The Arab Spring happened quite out of the blue for many Western foreign policy practitioners and profoundly challenged their previous approach of prioritizing (autocratic) stability and economic relations. NATO's air intervention in Libya constitutes a clear-cut policy shift, taking forceful stance against authoritarianism and for a successful democratic transition in the region.
Over a year after the unfolding of the Arab spring, the region is still in turmoil and Western actors, like NATO, are in need of a consistent strategy towards it. A successful realignment of NATO's foreign policy strategy vis-à-vis the Middle East depends on two factors: First, as foreign policy requires regional partners, it is necessary to choose the most decisive and responsive actor in the (post-)revolutionary setting. Second, an effective strategy depends on the correct assessment of NATO's key assets and their efficient implementation. In other words: NATO needs to know with whom to act and how.
The Arab Spring upheavals and the subsequent demise of Ben Ali, Mubarak, Qaddafi or Salih was only made possible through the collective efforts of a multitude of actors. In all Arab states where revolutions took place, we were able to see the collaboration of students and liberal groups, Islamist organizations, the poor masses and dissatisfied cadres of the ancien régime. Yet, it was the armed forces, which were vital for both the success of regime change and the post-revolutionary setting as the ultimate arbiters. In Tunisia as well as in Egypt, the military sided with the protesters against the former authoritarian regime. In Libya and Yemen, parts of the armed forces split from the regime and supported the challengers. Regimes that were able to suppress protests, by contrast, such as in Algeria, Bahrain or Syria (for the time being), counted on the support of their armed men. Likewise in the post-revolutionary setting, the stance of the Arab military institutions will be more than decisive for a lasting democratic transition: The Tunisian army seems to have incorporated a professional, pro-democratic outlook and supports the transition process from the barracks. The Egyptian military and those forces of Libya and Yemen still vacillate between a democratic and an autocratic stance. The new NATO strategy needs to take this central role of the Arab militaries into account and make them a core target of its policy efforts.
Here is where the assessment of NATO's key assets come into play: Even though NATO has significantly broadened its policy portfolio over the last decades, its unrivaled expertise and main appeal to external actors still lies in the classic military field: threat assessment, strategy development, arms cooperation and innovations in military tactics. Given these strengths, NATO is best equipped to work together with Arab militaries as the decisive actors of the transition phase, and to employ a strategy of effective conditionality. Through platforms like the Mediterranean Dialogue, NATO can share its superior military knowledge and further cooperation with the Arab armed forces, at the same time putting issues like the democratization of civil-military relations (CMR) or the public accountability of the coercive apparatus on the agenda. Only Arab armies willing to adapt structural changes (e.g. overhaul the security apparatus) and internalize democratic ideals are granted the benefits of full-scale military cooperation with NATO. In order for NATO to retain a full repertoire, issues, like weapon sales, should also be better coordinated between its member states (e.g. no German tank sales to Saudi-Arabia, like in summer 2011, without the democratization of CMR).
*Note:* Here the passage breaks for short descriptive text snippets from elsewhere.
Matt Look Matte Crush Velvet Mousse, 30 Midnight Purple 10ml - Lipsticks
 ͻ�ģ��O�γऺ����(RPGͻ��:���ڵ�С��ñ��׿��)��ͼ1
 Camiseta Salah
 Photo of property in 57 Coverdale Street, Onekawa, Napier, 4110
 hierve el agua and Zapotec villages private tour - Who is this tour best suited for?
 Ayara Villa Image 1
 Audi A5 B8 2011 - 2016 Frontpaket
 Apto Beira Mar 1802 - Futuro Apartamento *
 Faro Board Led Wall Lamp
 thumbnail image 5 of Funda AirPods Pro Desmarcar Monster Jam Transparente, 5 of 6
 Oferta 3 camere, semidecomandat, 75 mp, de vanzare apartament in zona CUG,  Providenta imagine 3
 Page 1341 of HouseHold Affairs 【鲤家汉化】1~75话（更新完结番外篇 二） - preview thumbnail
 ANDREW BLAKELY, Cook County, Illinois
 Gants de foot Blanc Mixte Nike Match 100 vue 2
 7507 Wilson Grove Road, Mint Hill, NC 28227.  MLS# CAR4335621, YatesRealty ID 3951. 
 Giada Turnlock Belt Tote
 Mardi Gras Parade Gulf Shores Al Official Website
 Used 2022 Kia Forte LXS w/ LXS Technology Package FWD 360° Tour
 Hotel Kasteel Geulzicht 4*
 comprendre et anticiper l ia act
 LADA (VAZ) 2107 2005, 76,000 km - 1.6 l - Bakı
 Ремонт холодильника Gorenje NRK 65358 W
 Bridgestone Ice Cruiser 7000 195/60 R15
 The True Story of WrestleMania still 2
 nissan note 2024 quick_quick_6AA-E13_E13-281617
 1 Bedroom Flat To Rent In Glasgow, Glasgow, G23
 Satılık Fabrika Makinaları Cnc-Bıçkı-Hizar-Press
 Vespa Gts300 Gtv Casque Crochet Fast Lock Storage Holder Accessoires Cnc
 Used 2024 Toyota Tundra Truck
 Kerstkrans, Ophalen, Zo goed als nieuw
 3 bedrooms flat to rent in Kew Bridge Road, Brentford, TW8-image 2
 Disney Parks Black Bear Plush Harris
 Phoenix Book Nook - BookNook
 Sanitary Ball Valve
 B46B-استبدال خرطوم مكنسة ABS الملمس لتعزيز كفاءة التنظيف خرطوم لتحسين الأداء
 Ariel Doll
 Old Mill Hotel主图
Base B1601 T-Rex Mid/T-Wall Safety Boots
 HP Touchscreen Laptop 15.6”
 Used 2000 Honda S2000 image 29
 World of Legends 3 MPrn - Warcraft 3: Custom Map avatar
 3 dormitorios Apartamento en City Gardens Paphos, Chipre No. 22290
The policy of effective conditionality has lost its appeal to some extent, at least in the economic sphere, as autocratic economic heavyweights like China or Russia have circumvented the Western value agenda by conducting "ideology free" business. However, in the security field, conditionality is still likely to prevail as NATO's military assets are unparalleled and much wanted in the insecure environment of the Middle East. The long-term US influence on the Egyptian army is a good example of how this reciprocity can work: Over decades the USA have engrained the Egyptian military with democratic values, at the same time granting substantial military benefits. The Egyptian military not cracking down on the protesters in January 2011 was a first positive result of this policy even though the Egyptian military still has a significant distance to cover towards becoming a genuine democratic actor.
Effective conditionality has to be accompanied by an unquestionable advocacy of democracy and liberal values. The Libyan intervention was a strong start: NATO's stance towards Assad in Syria as well as the autocratic gulf monarchies (Bahrain!) codetermines its future success.
Julian C. Fuchs has just finished his Diploma degree in political science and Middle Eastern politics at the University of Erlangen-Nuremberg, Germany. He wrote his Diploma thesis on regime-military relations in Algeria and Egypt, analyzing obstacles and catalysts of regime change.